**Description of the task:** No pictures, please. Copy exactly the lines from the one with "TOCOL 5 in 1" through the final line below.

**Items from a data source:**
++++++

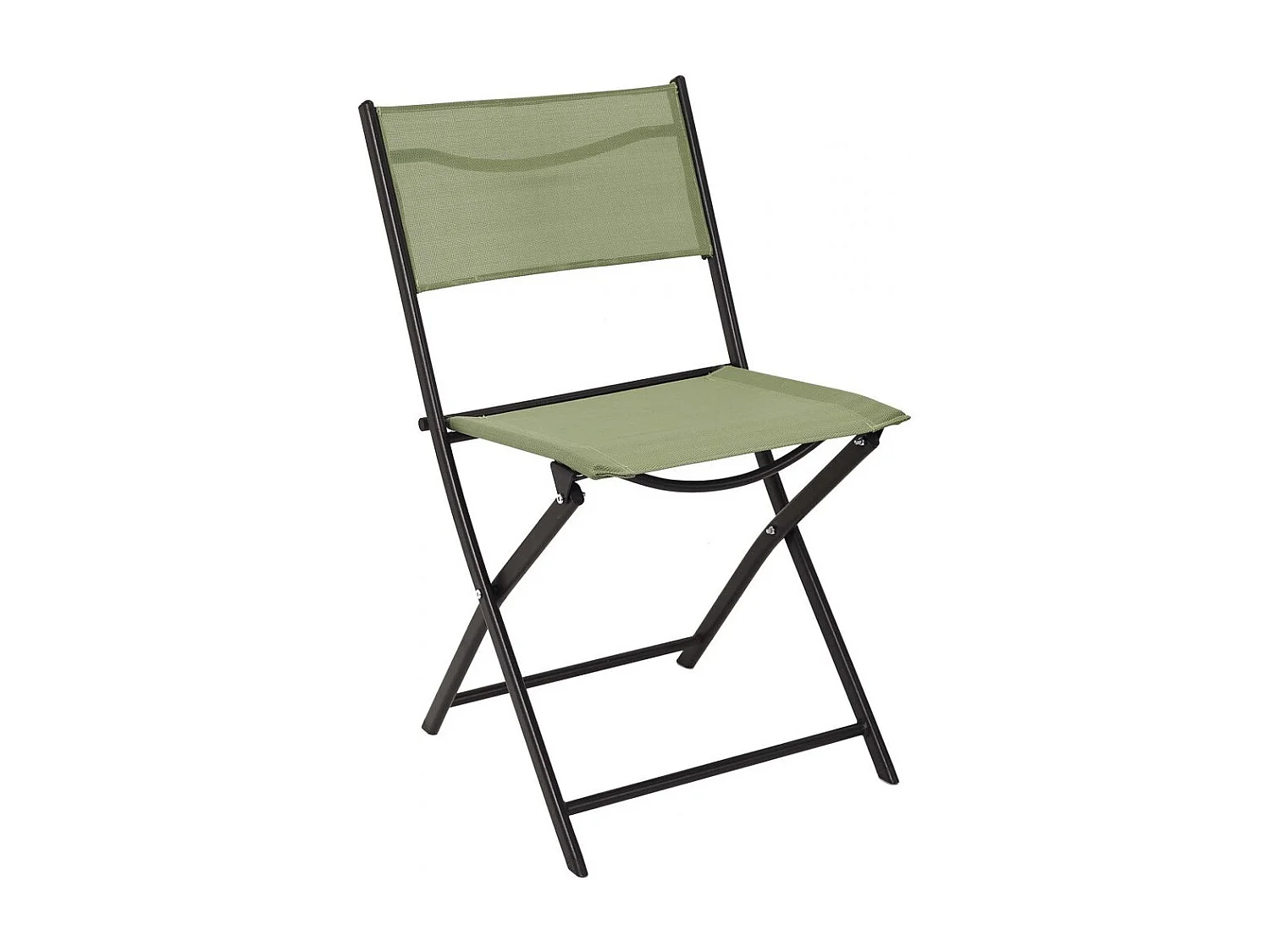 Chaise de jardin pliable en acier Elba (Lot de 2)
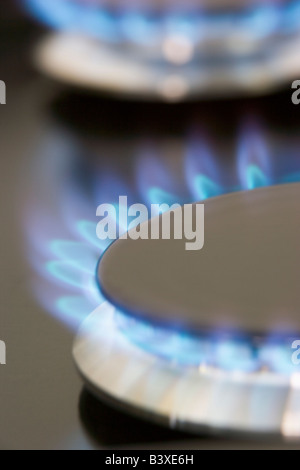 Close Up Of A Natural Gas Stove Stock Photo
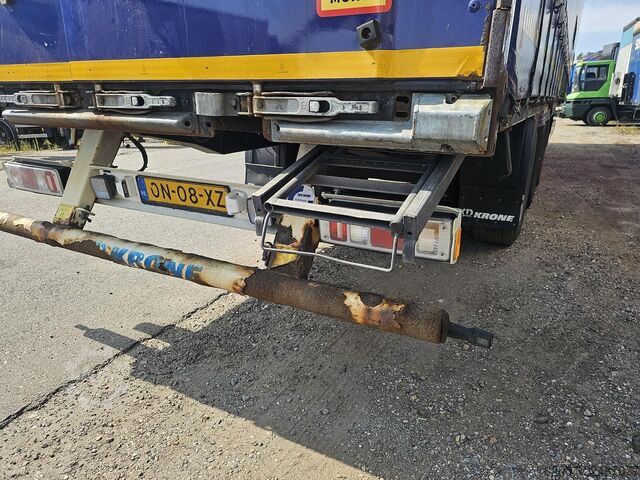 2015 KRONE SD / ALUMINIUM VELGEN / ALUMINIUM ZIJBORDEN / SCHUIFDAK / SAF SCHIJFREM. KRONE SD/ ALUMINIUM RIMS/ ALUMINIUM SIDE BOARDS/ SLID...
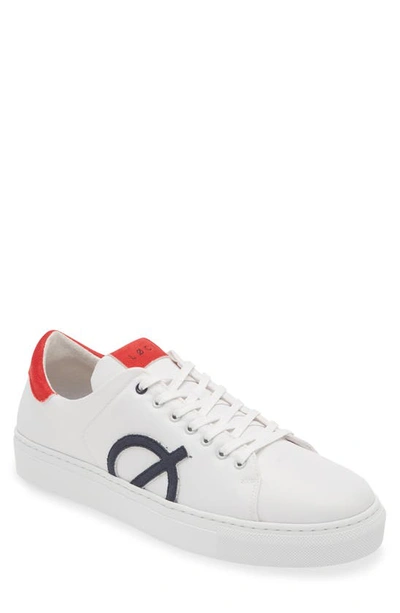 Shop Loci Origin Sneaker In White/ Red/ Navy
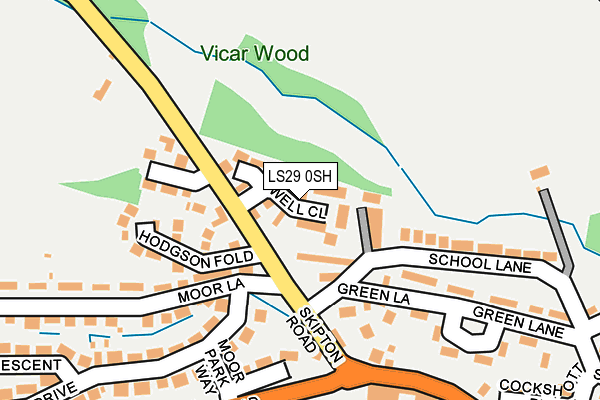 LS29 0SH map - OS OpenMap – Local (Ordnance Survey)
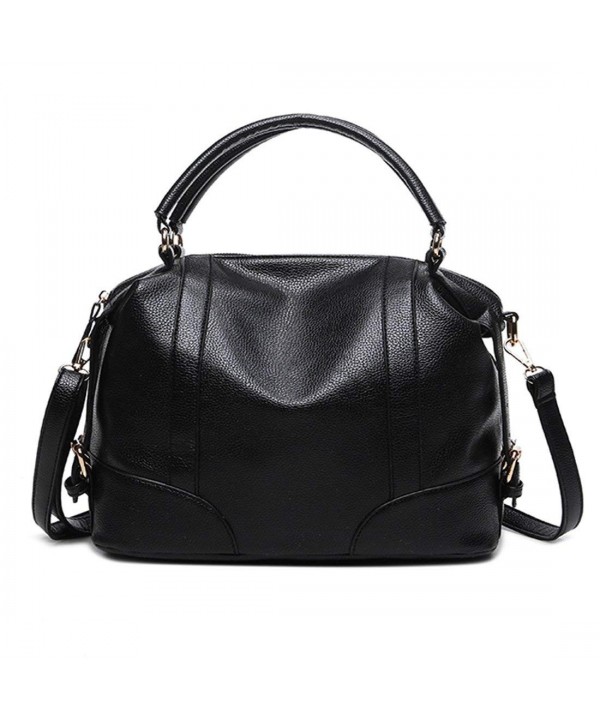 Women's Soft Leather Casual Top Handle Tote Messenger Shoulder Satchel ...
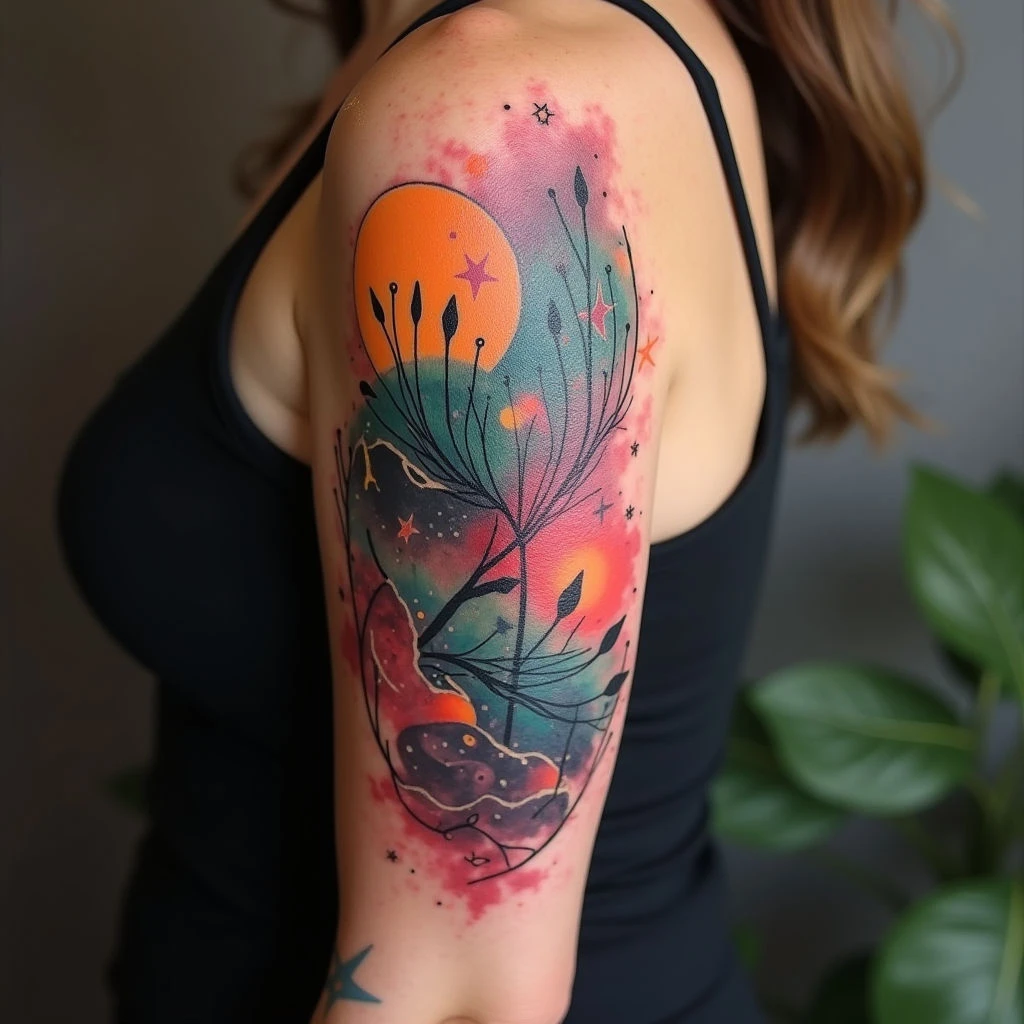 Upper Arm Half Sleeve Tattoo Ideas: A Guide to Inspiration & Design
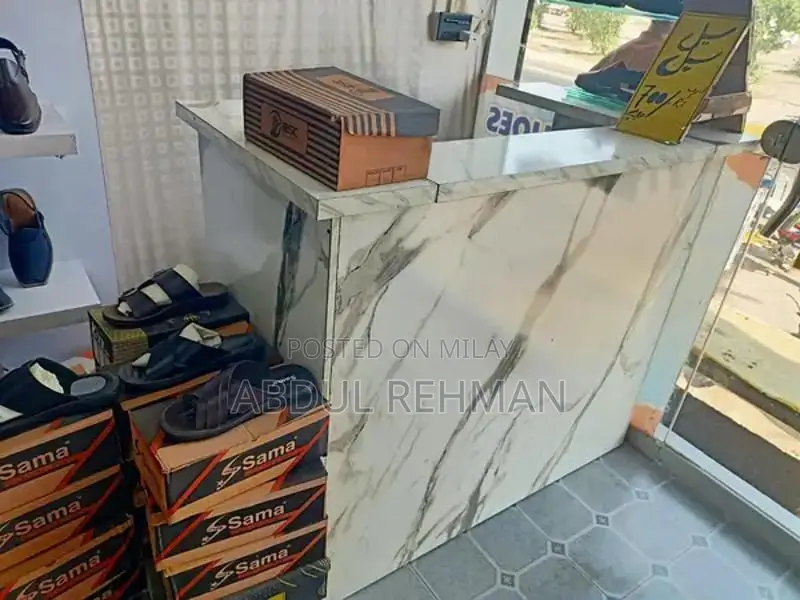 Shoe Store Display Rack for Retail Footwear Presentation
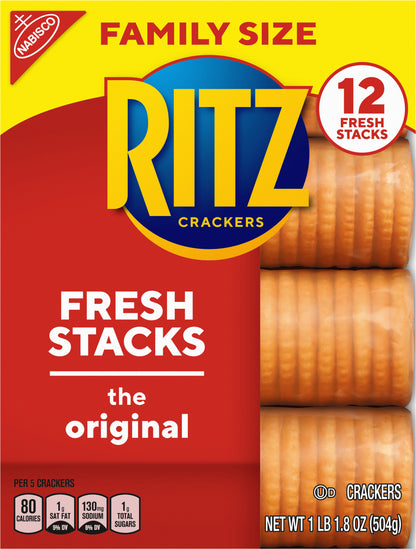 MONDELEZ GLOBAL LLC (SNACKS US) Ritz Crackers Original 12 Pack Fresh Stack Carton 581268 BE Update 1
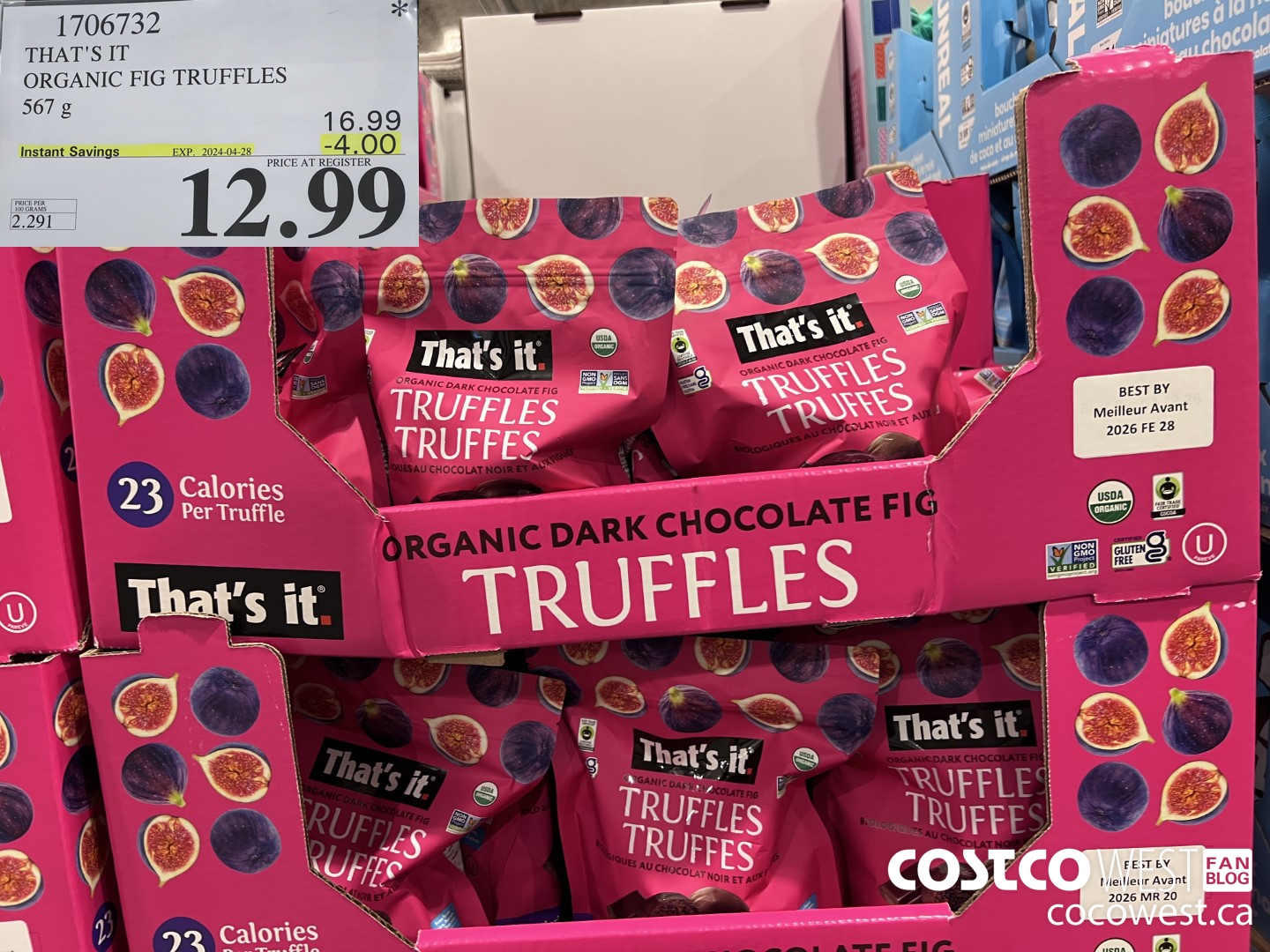 1706732 THAT'S IT ORGANIC FIG TRUFFLES 567 G ($4.00 INSTANT SAVINGS EXPIRES ON 2024-04-28) $12.99
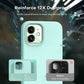 TOCOL 5 in 1 for iPhone 12 Case/iPhone 12 Pro Case 6.1", with 2 Pack Screen Protector + 2 Pack Camera Lens Protector, Silicone Slim Shockproof Cover [Anti-Scratch] [Drop Protection], Mint Green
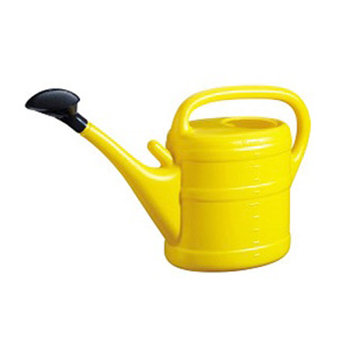 10L Yellow Plastic Watering Can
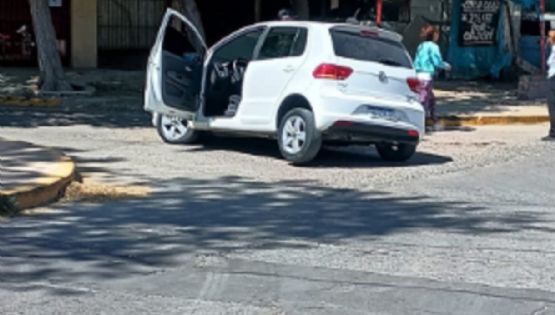 La trampa vial que se "comieron" los autos en Las Heras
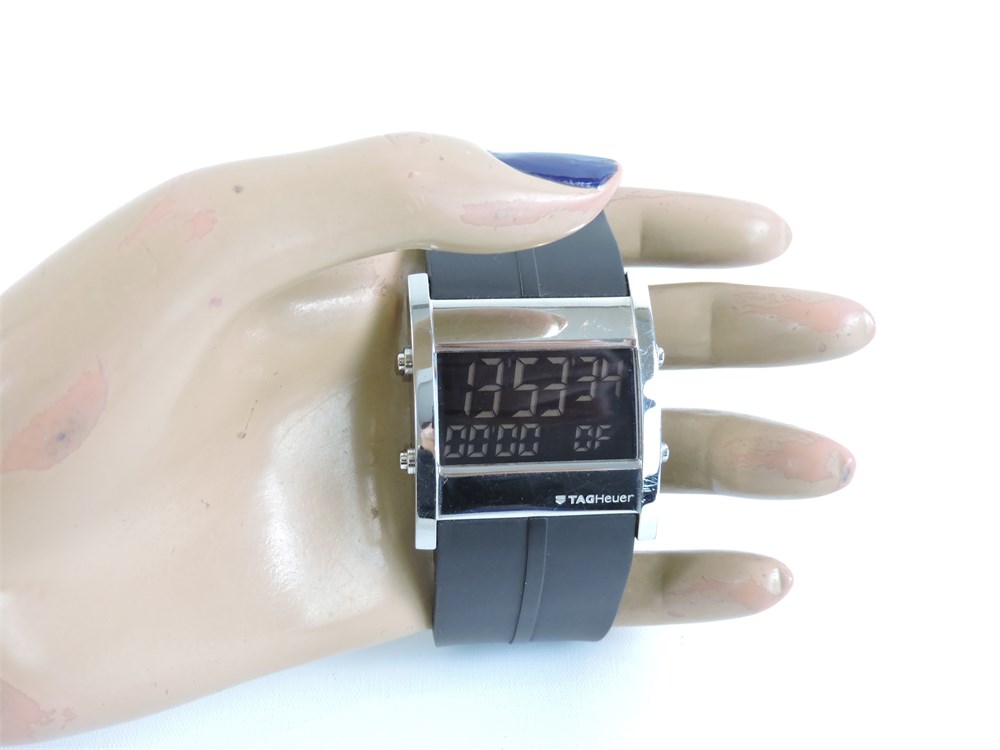 Digital shop tag watch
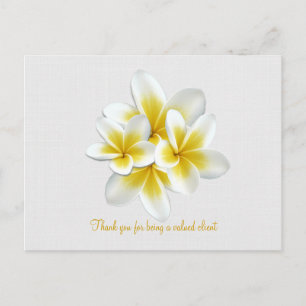 Kundpresentkort för Tropical Plumeria Blommigt Vykort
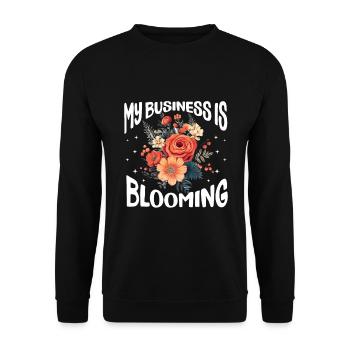 Designer floral Fleuriste Fleuriste Fleuriste - Sweat-shirt Unisexe - noir - Devant - Alina (178cm) & Michal (187cm)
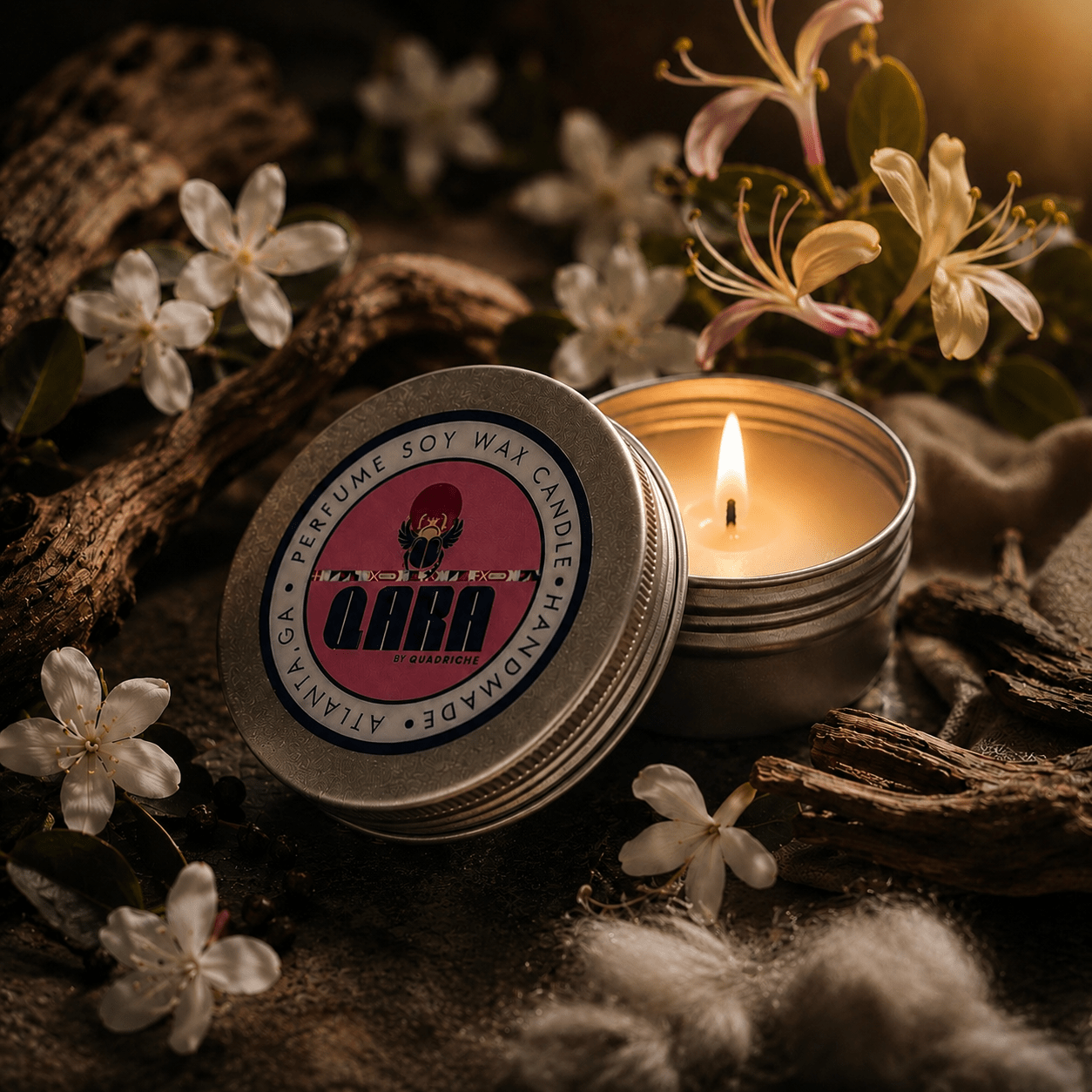 Seventh Bloom Discovery Travel Candle (3oz) - Quadriche - Travel Candle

++++++

**Your response:**
 TOCOL 5 in 1 for iPhone 12 Case/iPhone 12 Pro Case 6.1", with 2 Pack Screen Protector + 2 Pack Camera Lens Protector, Silicone Slim Shockproof Cover [Anti-Scratch] [Drop Protection], Mint Green
 10L Yellow Plastic Watering Can
 La trampa vial que se "comieron" los autos en Las Heras
 Digital shop tag watch
 Kundpresentkort för Tropical Plumeria Blommigt Vykort
 Designer floral Fleuriste Fleuriste Fleuriste - Sweat-shirt Unisexe - noir - Devant - Alina (178cm) & Michal (187cm)
 Seventh Bloom Discovery Travel Candle (3oz) - Quadriche - Travel Candle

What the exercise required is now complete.